* EXERCISE PROMPT: Find every line below where the string "featuring" shows up, and copy those lines.

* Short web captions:
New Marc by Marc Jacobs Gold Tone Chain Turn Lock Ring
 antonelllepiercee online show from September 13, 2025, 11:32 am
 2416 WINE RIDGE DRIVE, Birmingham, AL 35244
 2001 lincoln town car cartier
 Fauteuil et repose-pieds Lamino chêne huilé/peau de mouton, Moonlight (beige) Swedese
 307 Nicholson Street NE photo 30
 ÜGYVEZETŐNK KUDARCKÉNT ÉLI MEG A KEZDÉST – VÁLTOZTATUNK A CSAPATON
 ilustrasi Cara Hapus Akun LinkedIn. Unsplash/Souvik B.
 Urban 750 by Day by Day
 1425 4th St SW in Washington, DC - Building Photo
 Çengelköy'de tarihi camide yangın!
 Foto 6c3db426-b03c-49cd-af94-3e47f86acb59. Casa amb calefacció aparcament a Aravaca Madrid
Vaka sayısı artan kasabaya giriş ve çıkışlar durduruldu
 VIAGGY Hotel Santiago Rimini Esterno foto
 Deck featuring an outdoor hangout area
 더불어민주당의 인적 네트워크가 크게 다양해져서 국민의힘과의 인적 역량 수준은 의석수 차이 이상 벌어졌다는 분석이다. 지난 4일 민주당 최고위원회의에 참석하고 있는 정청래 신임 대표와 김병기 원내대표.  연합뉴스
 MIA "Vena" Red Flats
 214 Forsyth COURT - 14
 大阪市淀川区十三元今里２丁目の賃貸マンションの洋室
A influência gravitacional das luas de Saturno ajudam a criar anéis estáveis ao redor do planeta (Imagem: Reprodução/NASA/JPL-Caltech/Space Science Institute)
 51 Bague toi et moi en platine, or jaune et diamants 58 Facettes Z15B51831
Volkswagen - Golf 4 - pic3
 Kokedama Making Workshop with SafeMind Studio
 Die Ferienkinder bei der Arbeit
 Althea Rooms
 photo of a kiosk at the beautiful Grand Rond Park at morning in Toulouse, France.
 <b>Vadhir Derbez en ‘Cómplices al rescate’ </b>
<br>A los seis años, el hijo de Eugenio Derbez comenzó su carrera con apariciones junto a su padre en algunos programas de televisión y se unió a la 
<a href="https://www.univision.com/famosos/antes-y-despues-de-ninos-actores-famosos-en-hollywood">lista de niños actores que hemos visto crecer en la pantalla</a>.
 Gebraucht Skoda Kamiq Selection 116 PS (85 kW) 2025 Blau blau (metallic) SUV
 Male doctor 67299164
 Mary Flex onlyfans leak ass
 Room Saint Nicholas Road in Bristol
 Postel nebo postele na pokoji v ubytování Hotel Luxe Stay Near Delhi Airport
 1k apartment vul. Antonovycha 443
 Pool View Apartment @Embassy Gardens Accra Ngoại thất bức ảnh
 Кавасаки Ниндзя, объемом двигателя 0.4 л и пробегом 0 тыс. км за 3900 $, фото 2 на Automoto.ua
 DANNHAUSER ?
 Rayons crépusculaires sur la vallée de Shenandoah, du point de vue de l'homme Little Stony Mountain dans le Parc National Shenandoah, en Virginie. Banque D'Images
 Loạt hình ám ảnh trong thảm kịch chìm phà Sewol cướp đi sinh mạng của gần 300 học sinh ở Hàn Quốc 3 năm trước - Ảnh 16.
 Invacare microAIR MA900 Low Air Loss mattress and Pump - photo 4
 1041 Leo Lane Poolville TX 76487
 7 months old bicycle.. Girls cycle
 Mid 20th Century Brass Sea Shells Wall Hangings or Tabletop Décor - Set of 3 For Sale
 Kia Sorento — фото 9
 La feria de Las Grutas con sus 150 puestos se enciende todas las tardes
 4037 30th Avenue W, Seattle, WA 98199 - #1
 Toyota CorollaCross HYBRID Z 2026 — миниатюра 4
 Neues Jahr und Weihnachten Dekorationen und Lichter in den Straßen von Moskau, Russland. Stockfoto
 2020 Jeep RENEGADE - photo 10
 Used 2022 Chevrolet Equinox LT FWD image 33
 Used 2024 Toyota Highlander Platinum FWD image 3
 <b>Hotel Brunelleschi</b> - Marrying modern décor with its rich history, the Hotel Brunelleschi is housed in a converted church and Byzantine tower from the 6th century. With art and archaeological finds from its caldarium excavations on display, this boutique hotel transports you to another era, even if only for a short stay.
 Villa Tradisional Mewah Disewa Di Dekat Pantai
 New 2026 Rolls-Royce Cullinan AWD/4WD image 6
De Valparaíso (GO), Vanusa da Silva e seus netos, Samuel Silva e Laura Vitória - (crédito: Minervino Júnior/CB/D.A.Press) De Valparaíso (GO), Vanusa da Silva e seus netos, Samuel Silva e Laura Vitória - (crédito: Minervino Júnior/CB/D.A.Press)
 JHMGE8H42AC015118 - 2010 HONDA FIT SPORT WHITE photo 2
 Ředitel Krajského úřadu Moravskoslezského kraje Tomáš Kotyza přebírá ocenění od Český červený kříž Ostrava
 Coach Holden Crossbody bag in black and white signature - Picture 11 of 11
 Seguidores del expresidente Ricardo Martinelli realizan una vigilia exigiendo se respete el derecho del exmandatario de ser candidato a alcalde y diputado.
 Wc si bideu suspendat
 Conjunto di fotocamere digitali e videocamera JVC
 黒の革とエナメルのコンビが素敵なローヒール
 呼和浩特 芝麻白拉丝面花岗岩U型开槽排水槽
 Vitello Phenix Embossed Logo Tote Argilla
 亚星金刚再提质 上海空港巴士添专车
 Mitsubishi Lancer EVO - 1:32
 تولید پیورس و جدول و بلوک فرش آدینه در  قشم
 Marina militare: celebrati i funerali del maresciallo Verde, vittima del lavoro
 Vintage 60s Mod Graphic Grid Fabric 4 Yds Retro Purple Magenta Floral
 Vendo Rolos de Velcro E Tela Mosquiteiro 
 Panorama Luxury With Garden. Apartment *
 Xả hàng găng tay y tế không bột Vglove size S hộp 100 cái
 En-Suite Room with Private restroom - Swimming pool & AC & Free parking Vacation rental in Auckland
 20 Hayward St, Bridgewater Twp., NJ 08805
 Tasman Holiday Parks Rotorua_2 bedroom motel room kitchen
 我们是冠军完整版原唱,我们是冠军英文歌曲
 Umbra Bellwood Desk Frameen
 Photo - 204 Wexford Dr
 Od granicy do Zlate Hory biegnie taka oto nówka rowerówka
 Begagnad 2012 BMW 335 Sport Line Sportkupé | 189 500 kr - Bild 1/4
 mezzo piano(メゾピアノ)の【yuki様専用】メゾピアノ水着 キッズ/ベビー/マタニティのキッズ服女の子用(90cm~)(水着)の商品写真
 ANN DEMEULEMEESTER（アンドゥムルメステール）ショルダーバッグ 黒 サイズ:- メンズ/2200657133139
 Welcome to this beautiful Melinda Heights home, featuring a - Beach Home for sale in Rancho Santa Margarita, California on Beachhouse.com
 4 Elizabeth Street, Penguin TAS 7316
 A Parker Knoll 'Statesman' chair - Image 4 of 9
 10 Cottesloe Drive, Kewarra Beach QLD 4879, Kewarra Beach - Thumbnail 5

* SOLUTION TO THIS PROBLEM:
 Deck featuring an outdoor hangout area
 Welcome to this beautiful Melinda Heights home, featuring a - Beach Home for sale in Rancho Santa Margarita, California on Beachhouse.com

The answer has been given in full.